# Vacuum leaks



## gjones (Oct 8, 2012)

EUREKA!!!! Finally found the blasted vacuum leak that had been plaguing my veritable sanity! The PO concocted this crazy brass block setup at the rear of the carburetor, which I attempted to just go ahead and replace with all new pieces, just match them and replace. NOT so easy. After going to 5 different auto parts stores, Lowes, and 2 alternate hardware places, no one could even come close to what was there. ( 2 of the auto parts stores told me that most of their brass fittings were being removed, as smokers of illicit drugs were using them to make smoking apparatuses!- One place even had the audacity to try to ID me when I purchased a fitting! I told them to cram it, and give me the part-which they did!).

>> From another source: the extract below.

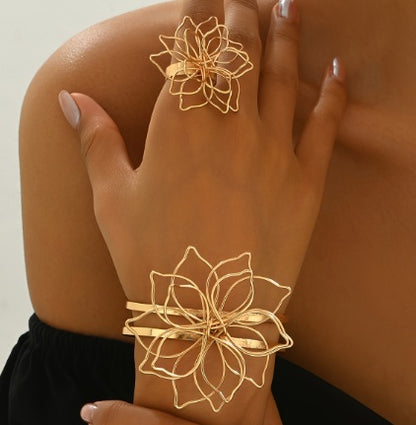 Women's Fashion Jewelry Set, Lattice Flower Ring and Bracelet With Inlaid Lattice Line Flower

ANYway, after 15 solid months of spending 8-18 hours a day out in the garage, it actually feels like I'm making progress. (I might have had 30 days off total in that time) One of the brass blocks had a hairline fracture in it- NOT really noticeable, looked like a casting mark. Spraying it with carb cleaner made no rpm change at all. Pulled all that garbage off the back, installed a threaded barb, connected the booster line to that and cranked it up- WHAT A DIFFERENCE! It now idles smooth in gear!!!! Now BOTH idle mixture screws actually function! All I have to do now is connect the vacuum modulator line up. (NOT to the rear again- hopefully it will function properly connected to the front port on the drivers' side of carburetor. I also moved the advance line to the right side timed port-she likes that spot!). I had to take a few steps back and a few deep breaths and start fresh. THANKS TO ALL who helped me through this grueling process. My confidence level has finally risen, at least to the surface! THANKS!!!!


----------



## FlambeauHO (Nov 24, 2011)

:beer: cheers!


----------



## gjones (Oct 8, 2012)

*vacuum leaks*

Just came in from garage a few minutes ago (4:33 a.m.). Have already had an celebratory beer or two, as it were. Today, I will purchase vacuum lines and the like, then drive that puppy around and see what she'll do for me. It should be an momentous occasion.


----------



## jmt455 (Mar 26, 2012)

Congrats!


----------



## geeteeohguy (Feb 2, 2008)

If you have a Quadrajet, the modulator line connects to the 1/4" fitting on the passenger side of the carb, at the front. The vacuum advance connects at the driver's side, and is manifold vacuum, not ported. Great that you got it running much better!!


----------



## gjones (Oct 8, 2012)

*vacuum leaks*

Nope, GTO guy, there's a Carter competition carb on it. I've read a few posts about that, and they all said the pass. side was the timed side, and the left side was full vacuum. If that is not the case, then the parts I bought today won't work because I know that the trans. needs manifold vacuum, and I'll have to find another spot to stick the modulator line. There seems like some force is resisting tooth and nail over every little item I try to fix on this beast. I'll know soon enough, though- heading back to the garage right now- we shall see.


----------



## gjones (Oct 8, 2012)

*Carter carb.*

ok after reading about 100 posts, the vacuum port configuration on the front of this Carter 9635 is still elusive. Seems 50 posts say the timed side is the RIGHT SIDE, and 50 say the LEFT side is the timed side. I suspect that 50 believe the actual LEFT DRIVERS' side is not the left to them, because they're looking at it from the front of the engine. Looked at Edelbrock site- they show a picture, and nothing else. Not a word. IS THE LEFT SIDE (DRIVERS' SIDE) MANIFOLD VACUUM, OR PORTED ON A CARTER COMPETITION SERIES 9635SA?????????????


----------



## geeteeohguy (Feb 2, 2008)

Here's how to make it simple: There are two types of engine vacuum: manifold and ported. Manifold is below the throttle plates and ported is above the throtle plates. The transmission modulator must be connected to manifold vacuum for it to work. As the throttle is opened, manifold vacuum drops, but the velocity thru the carb causes the ported (above throttle plates) vacuum to increase. Like a see-saw. Easy to check. Pull a hose and if it's sucking air at idle (like a PCV line or a vacuum advance line) it's maniflold. If you have to rev the engine to get suction on the line, it's ported.


----------



## gjones (Oct 8, 2012)

*vacuum leaks*

Thanks geeteeohguy. That's the answer I was looking for. I knew it was that easy- sometimes I can't see the forest, for the trees. I try to look for the most complicated of answers it seems, when the "real" problem is right under my nose!


----------